Supreme Court of Alaska

February 22, 2019


          Appeal from the Superior Court No. 3 AN-14-08890 CI of the State of Alaska, Third Judicial District, Anchorage, Michael D. Corey, Judge.

          Stuart W. Goering and Megyn A. Greider, Assistant Attorneys General, Anchorage, and Jahna Lindemuth, Attorney General, Juneau, for Appellant

          Regulatory Commission of Alaska. Michael E. Kreger and Sarah C. Gillstrom, Perkins Coie LLP, Anchorage, for Appellant and Appellee Homer Electric Association, Inc. Robin O. Brena, Matthew C. Clarkson, and Kelly M. Moghadam, Brena, Bell & Clarkson, P.C., Anchorage, for Appellees

          Matanuska Electric Association, Inc. and Chugach Electric Association, Inc. John J. Burns, Golden Valley Electric Association, Inc., Fairbanks, Alaska, for Appellee Golden Valley Electric Association, Inc. Dean D. Thompson and Jonathon D. Green, Kemppel, Huffman and Ellis, P.C., Anchorage, for Appellee

          Municipality of Anchorage d/b/a Municipal Light and Power. Notice of nonparticipation filed by Brian Bjorkquist, Senior Assistant Attorney General, Anchorage, and Craig W. Richards, Attorney General, Juneau, for Appellee

          Alaska Energy Authority; and by Jeffrey J. Waller, Assistant Attorney General, Anchorage, and Craig W. Richards, Attorney General, Juneau, for Appellee

          State of Alaska Attorney General's Office, Regulatory Affairs and Public Advocacy Section.

          Before: Stowers, Chief Justice, Winfree, Maassen, Bolger, and Carney, Justices.




         Electrical utilities entered into agreements for the purchase and transmission of energy from a hydroelectric project to utilities in distant service areas. Legislation exempted the agreements from the review or approval of the Regulatory Commission of Alaska (RCA); any disputes were to be resolved instead by a contractually established committee.

         Along the transmission pathway was a substation leased by Homer Electric Association (HEA) to Chugach Electric Association (Chugach) and used by Chugach for the transmission of the distant utilities' electricity. When the lease expired, HEA filed tariff applications with the RCA, seeking approval of rates for its own transmission of the other utilities' energy. The other utilities objected to the RCA's jurisdiction, citing their agreements and the legislation exempting the agreements from regulatory review.

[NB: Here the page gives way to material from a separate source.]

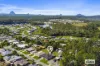 2-4 Allikea Place, D'Aguilar, Qld 4514-Image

         The RCA determined that it had the authority to consider the tariff applications. The affected utilities appealed to the superior court, which held that the RCA did not have that authority. HEA and the RCA petitioned for our review, challenging both the superior court's appellate jurisdiction and the merits of its decision regarding the RCA's authority.

         We granted review. We reject the challenges to the superior court's jurisdiction. Furthermore, like the superior court, we conclude that the intent of the original agreements and of the governing statute was to exclude disputes like this one from the RCA's jurisdiction. We therefore affirm the decision of the superior court reversing the RCA's order.


         A. Facts

         1. The Bradley Lake Hydroelectric Project

         The Bradley Lake Hydroelectric Project (the Project), located approximately 27 miles northeast of Homer, began commercial operation in 1991.[1] It "consists of a 125-foot high concrete-faced, rock-filled dam structure, three diversion structures, a 3.5-mile long power tunnel and vertical shaft, generating plant, interior substation, 20 miles of transmission line, and substation."[2] The transmission lines connect the power plant to the switching station at Bradley Junction, where Bradley Lake energy is transferred to transmission lines owned by HEA. HEA's lines include "the Soldotna Segment," a 46.8-mile segment from Bradley Junction north to the Soldotna Substation, owned by HEA and - until 2014 - leased to Chugach.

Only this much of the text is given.